Your Career in Art – Show and Sell
Being professional means getting paid for what you do. If no one sees your artwork,
it can't earn you an income. How will you get your art shown?
Today's artists enjoy unprecedented opportunities to show their work to the public.
Join an online gallery, where membership is offered free or at a small charge.
Uploading photos of your artwork requires little or no technical skill. Put your
pictures up for sale on popular online auction and shopping websites such as eBay.
Get your own page in the various social media sites. Create your own online gallery.
Whichever of these options you choose, any will help to build your profile and may
earn you some credibility with gallery directors at a later stage.
1.Don't expect to sell anything online, unless at a very low price tag. Serious collectors do not buy online,
although they may surf art sites, on lookout for upcoming artists.
2.Don't do anything online that could jeopardise your reputation as a serious, emerging artist. Private galleries
are still your very best bet for building a career. Directors are serious folk.
Enter competitions and art fairs organised by your local council or regional charities. It's a chance to show your
work to a varied audience, among them will be some who can advance your career.

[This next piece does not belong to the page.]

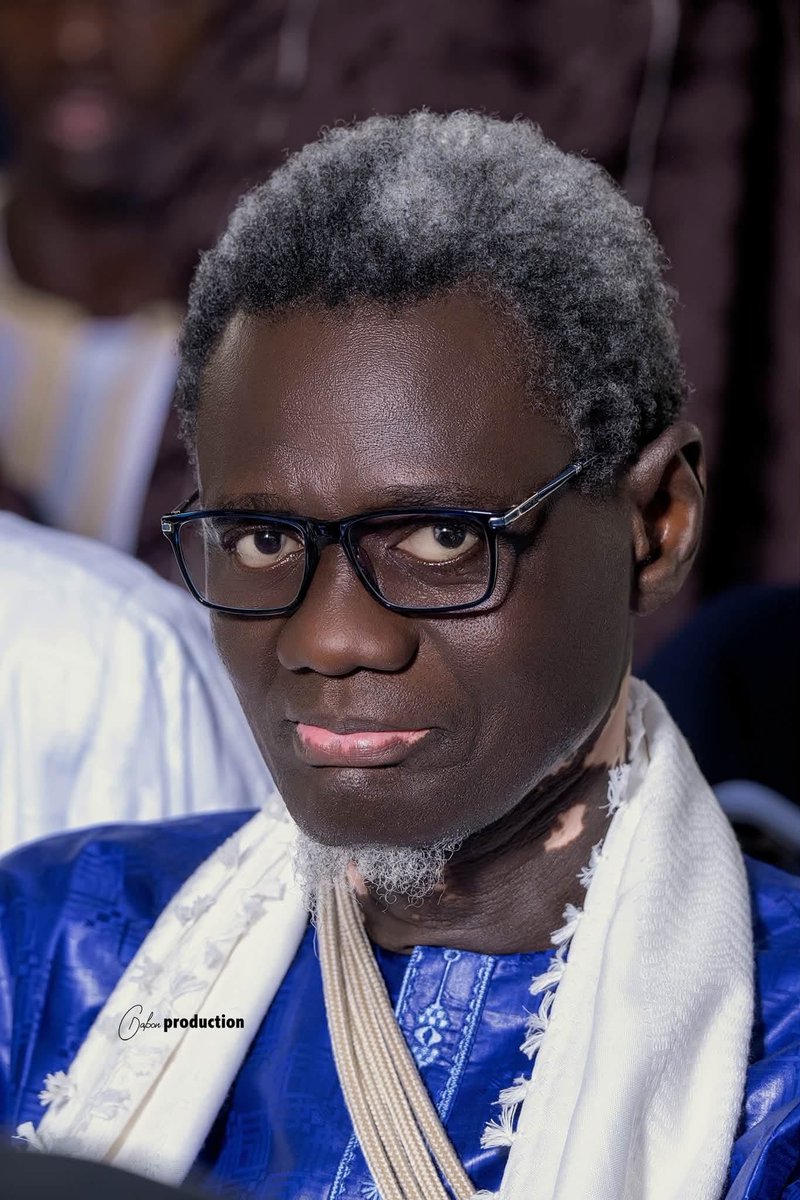 LeMouridePost's tweet photo. Asadul Xadiim | Grande Journée de Qaçida, de Zikrullâh et de lecture du Coran du 10 juillet 2026 à Touba https://t.co/Fmlh1OdUHt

Community-minded people who sponsor such events are often collectors of art.
Directors and staff of private galleries often attend, keeping an eye out for promising new artists they think worth
Keeping your prices low at this early stage is likely to net you same sales. It's a boost to your morale and modesty
does no harm to your future prospects.
Keep working. You need to build up a body of work that will form the portfolio you'll take to your first interview
with a gallery director.
Keep thinking about what you want your art to 'say' to its viewers. These thoughts will come together as your
philosophy in art-making. The more you think about it, the more natural and true your 'Artist Statement' will be.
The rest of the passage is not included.